→ Brief:
From the listing below, output the lines between the one with "Menő Sassi Lamotte" and the one with "2021 Rolls-Royce Ghost", including those two, and nothing else. Pictures are not copied.

→ Records for processing:
────────────────────────────────────────

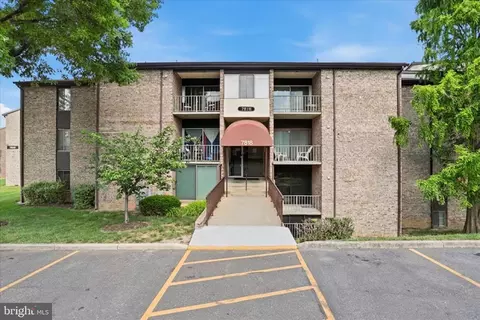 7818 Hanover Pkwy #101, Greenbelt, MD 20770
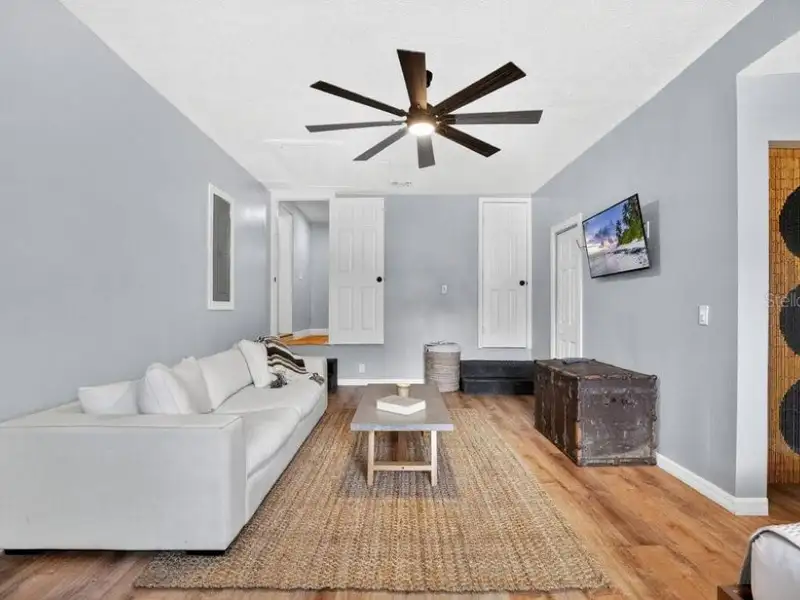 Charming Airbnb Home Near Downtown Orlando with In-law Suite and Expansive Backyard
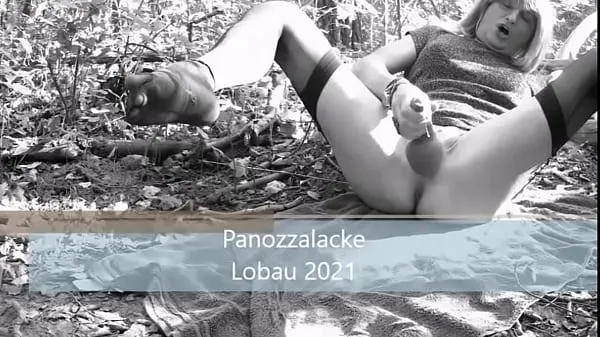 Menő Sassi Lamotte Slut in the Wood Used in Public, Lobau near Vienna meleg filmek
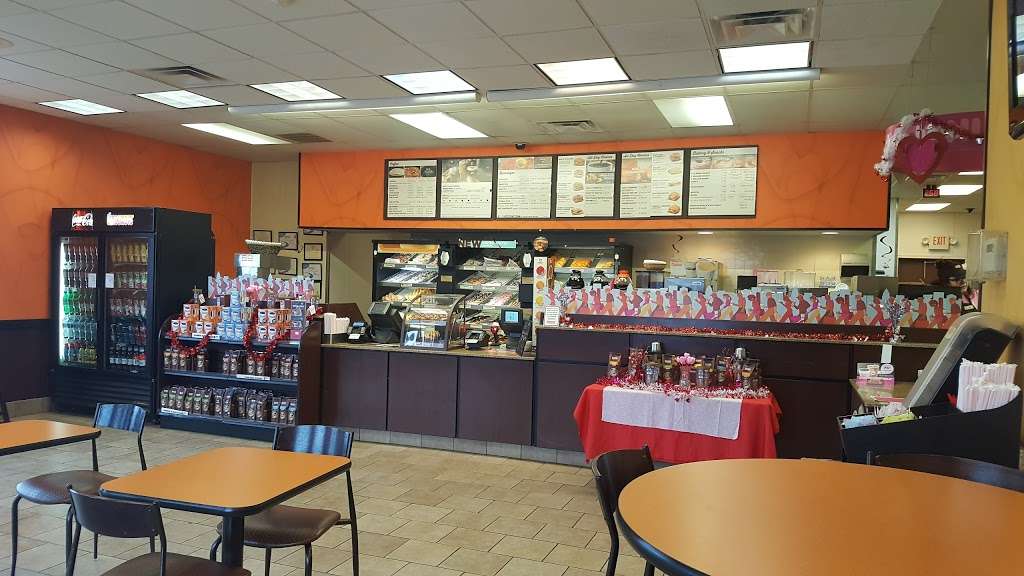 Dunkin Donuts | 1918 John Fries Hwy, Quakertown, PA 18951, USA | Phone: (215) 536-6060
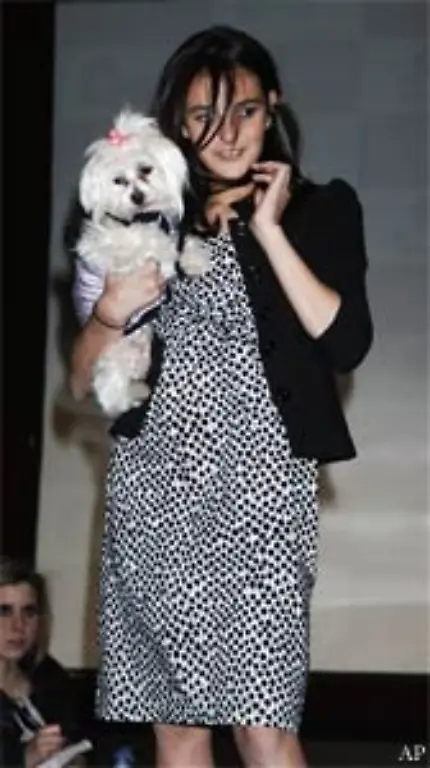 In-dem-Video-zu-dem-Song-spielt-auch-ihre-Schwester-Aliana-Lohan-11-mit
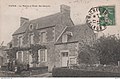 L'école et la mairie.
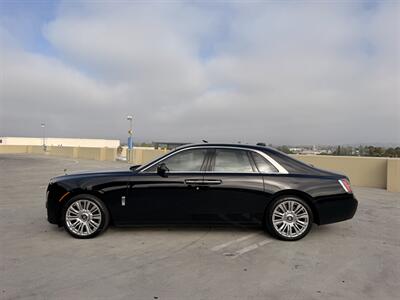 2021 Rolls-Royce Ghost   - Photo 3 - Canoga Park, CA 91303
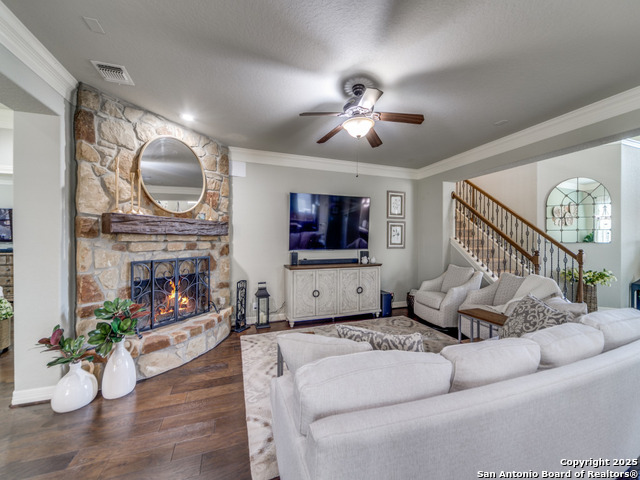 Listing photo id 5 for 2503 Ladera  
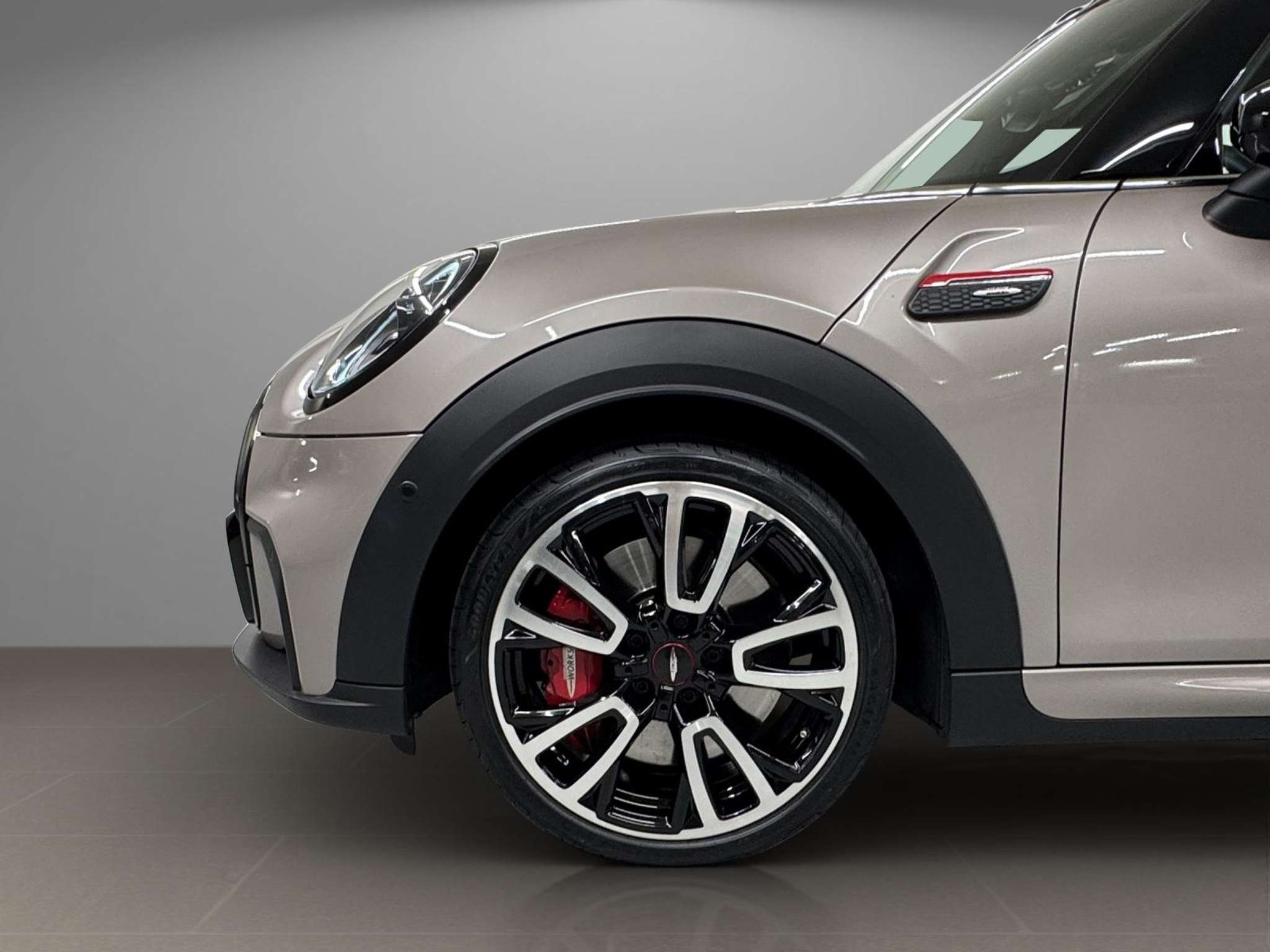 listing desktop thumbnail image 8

────────────────────────────────────────

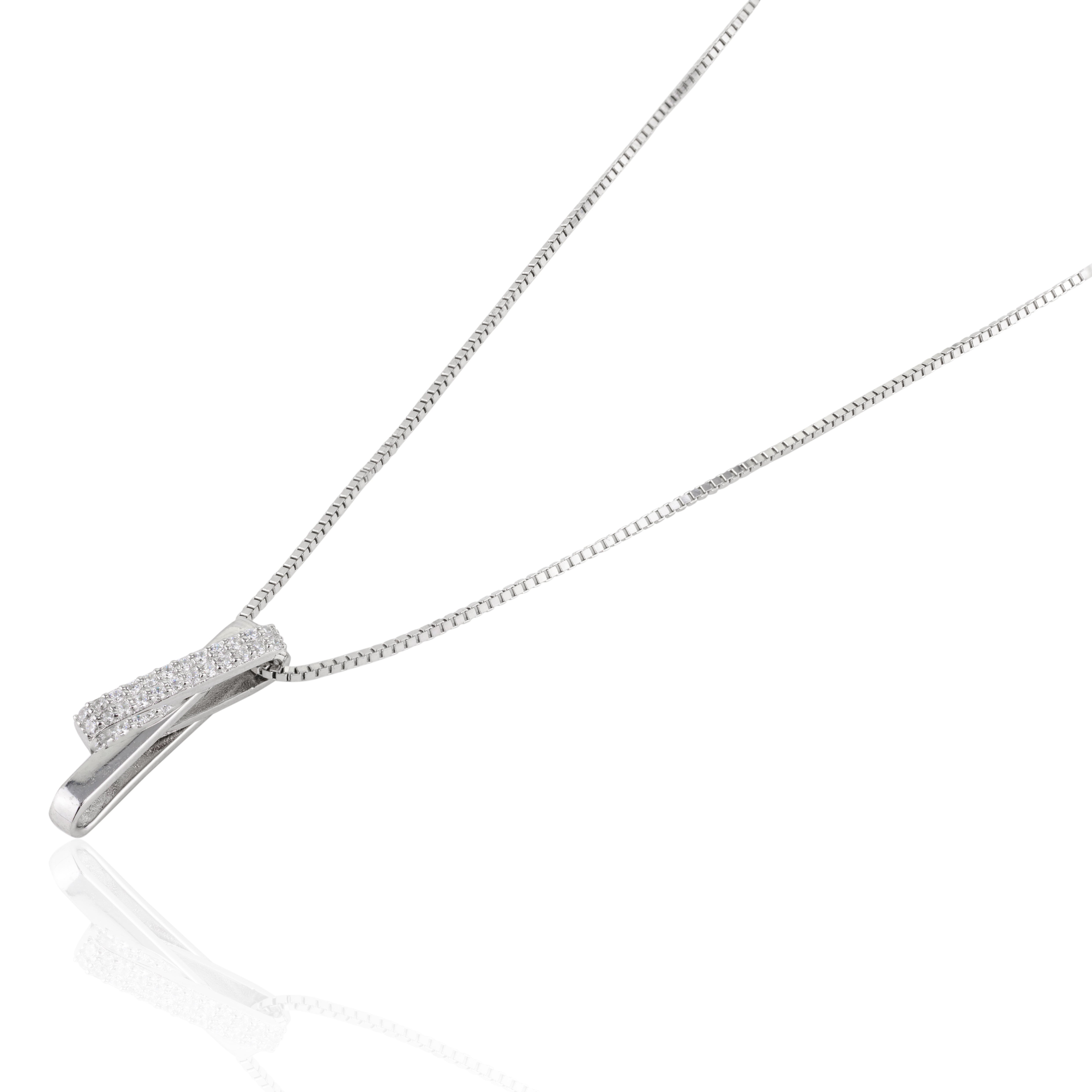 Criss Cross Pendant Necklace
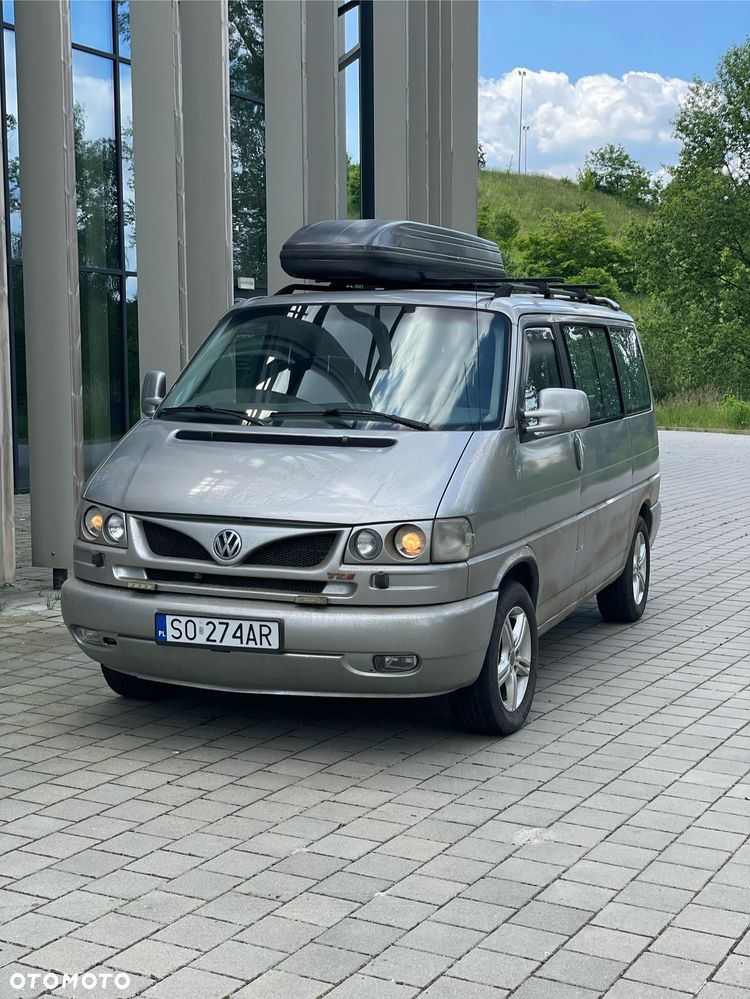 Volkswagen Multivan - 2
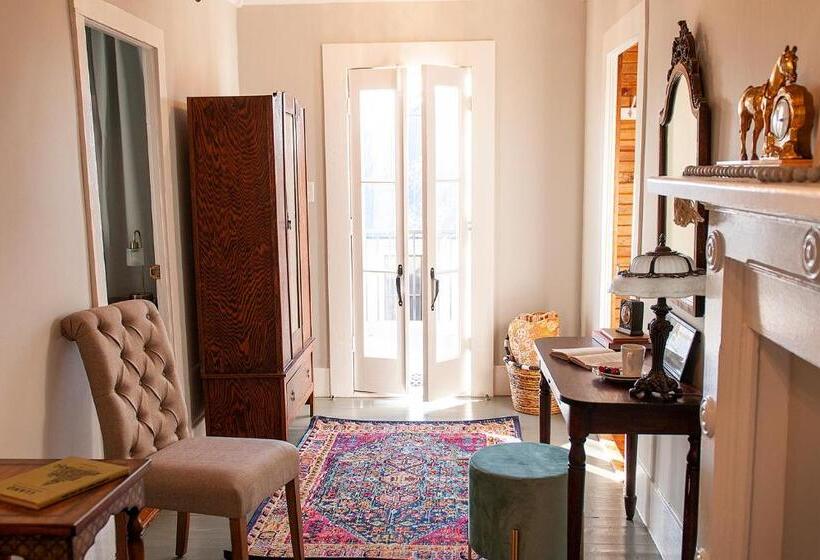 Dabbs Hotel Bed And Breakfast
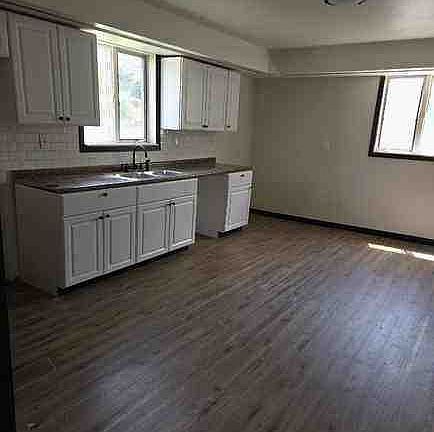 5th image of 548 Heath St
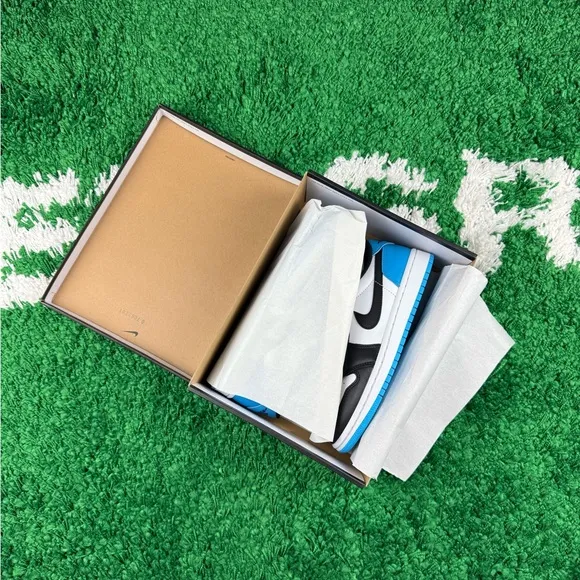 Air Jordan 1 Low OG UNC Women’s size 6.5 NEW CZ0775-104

────────────────────────────────────────

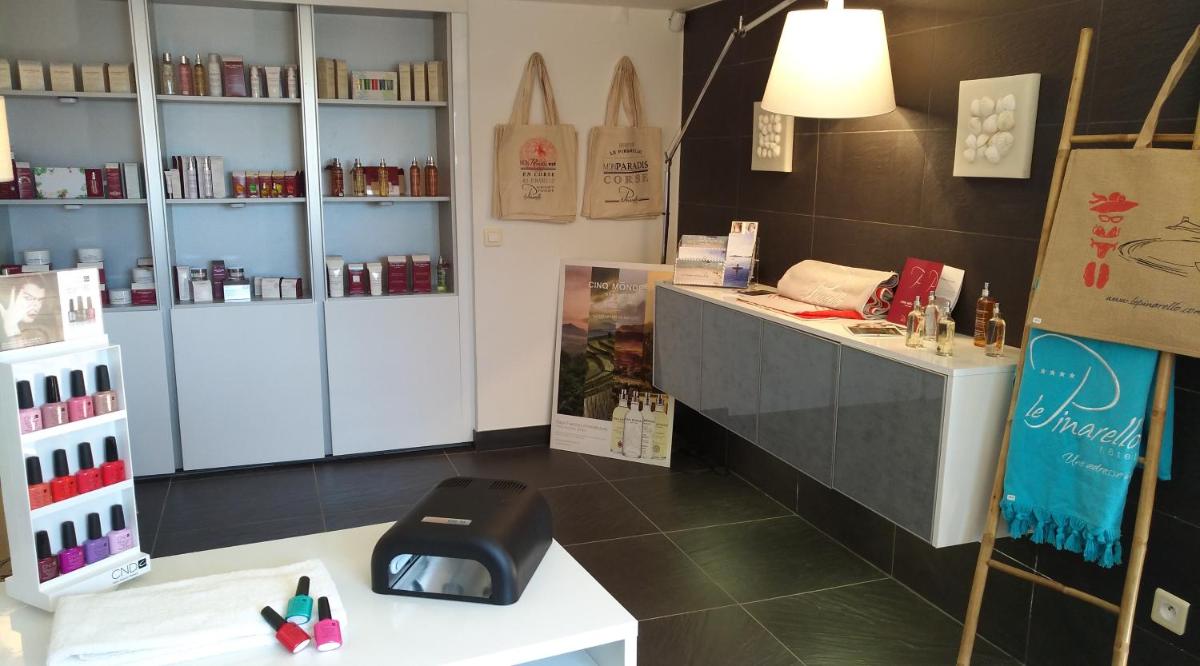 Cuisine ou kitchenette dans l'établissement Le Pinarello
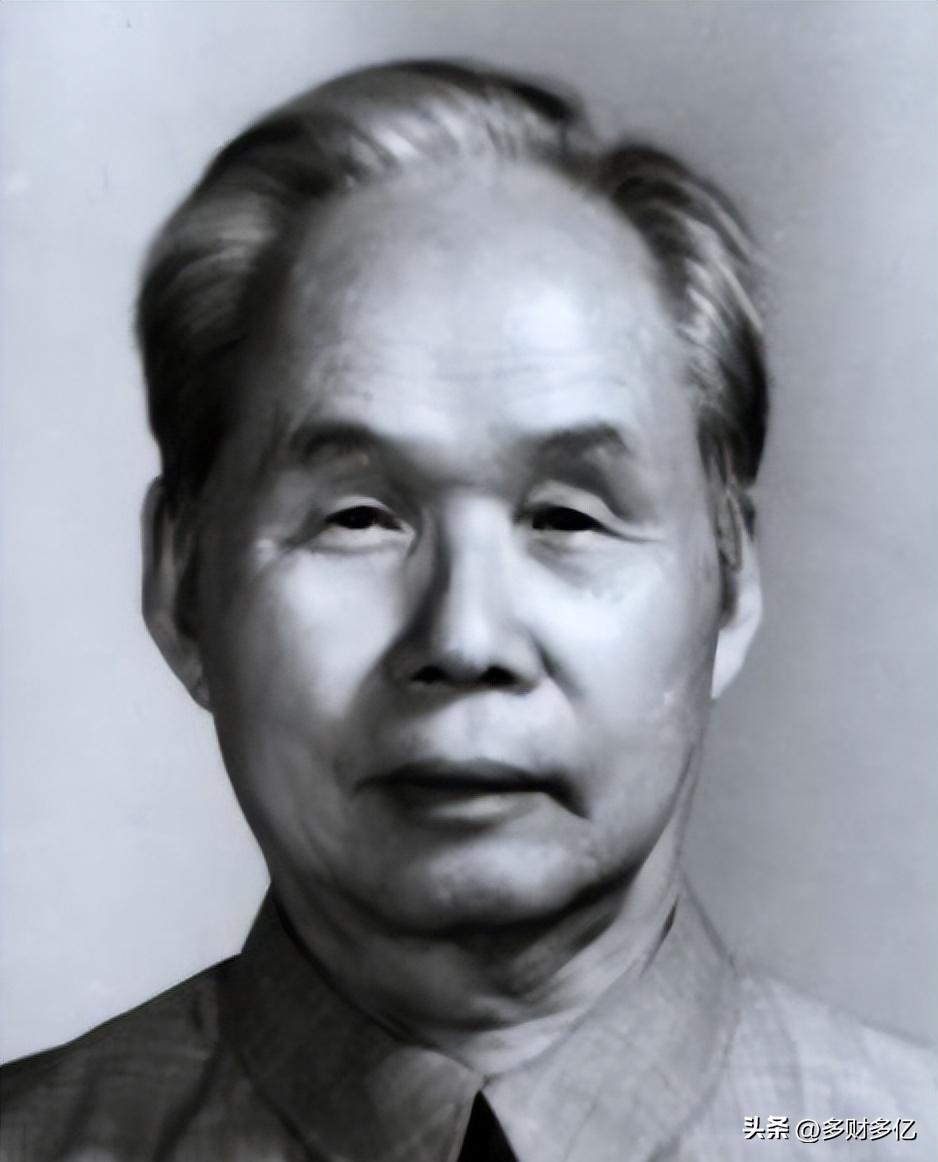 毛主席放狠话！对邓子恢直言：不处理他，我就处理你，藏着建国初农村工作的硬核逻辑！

────────────────────────────────────────

→ Exercise solution:
 Menő Sassi Lamotte Slut in the Wood Used in Public, Lobau near Vienna meleg filmek
 Dunkin Donuts | 1918 John Fries Hwy, Quakertown, PA 18951, USA | Phone: (215) 536-6060
 In-dem-Video-zu-dem-Song-spielt-auch-ihre-Schwester-Aliana-Lohan-11-mit
 L'école et la mairie.
 2021 Rolls-Royce Ghost   - Photo 3 - Canoga Park, CA 91303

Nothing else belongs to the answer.